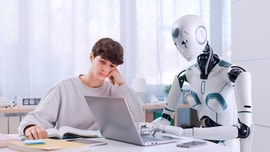 Dùng nhiều ChatGPT khiến não lười suy nghĩ, liệu thế hệ phụ thuộc vào AI của con người có đang đến?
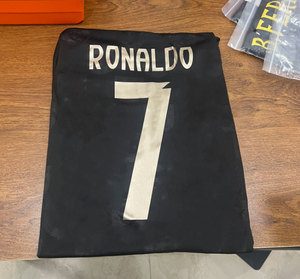 Maglia da Calcio 2026 Portogallo Kit Eventi Mondiali Traspirante Asciugatura Rapida 100% Poliestere Tinto in Capo RONALDO 7 B.FERNANDES 8 - Product Image 1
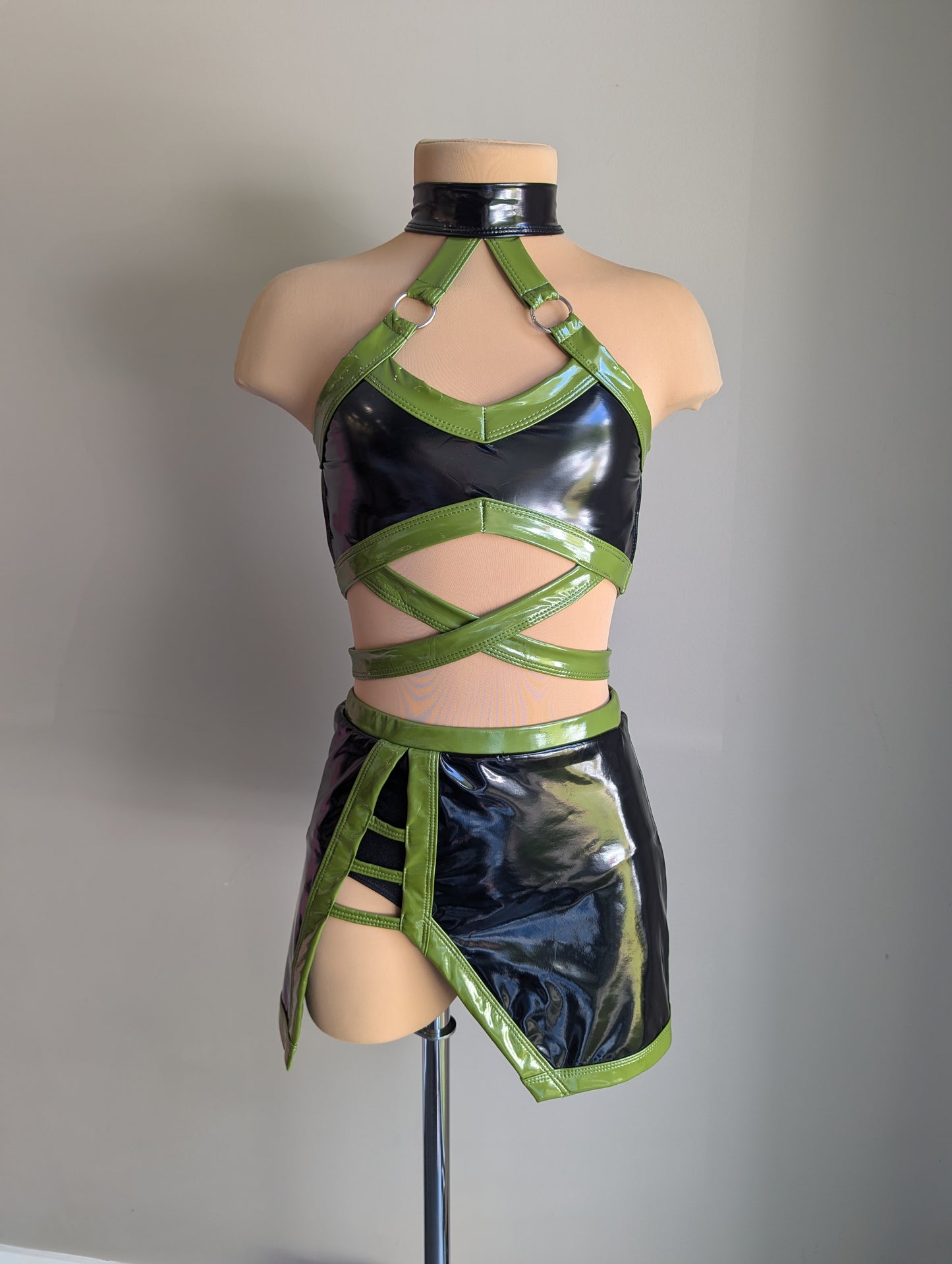 High Gloss Set - Black & Army Green PVC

• **The problem**
Give back only the lines from the one that carries "Maglia da Calcio" through the final line above, both included. Drop all pictures.

• **Exercise result**
 Maglia da Calcio 2026 Portogallo Kit Eventi Mondiali Traspirante Asciugatura Rapida 100% Poliestere Tinto in Capo RONALDO 7 B.FERNANDES 8 - Product Image 1
 High Gloss Set - Black & Army Green PVC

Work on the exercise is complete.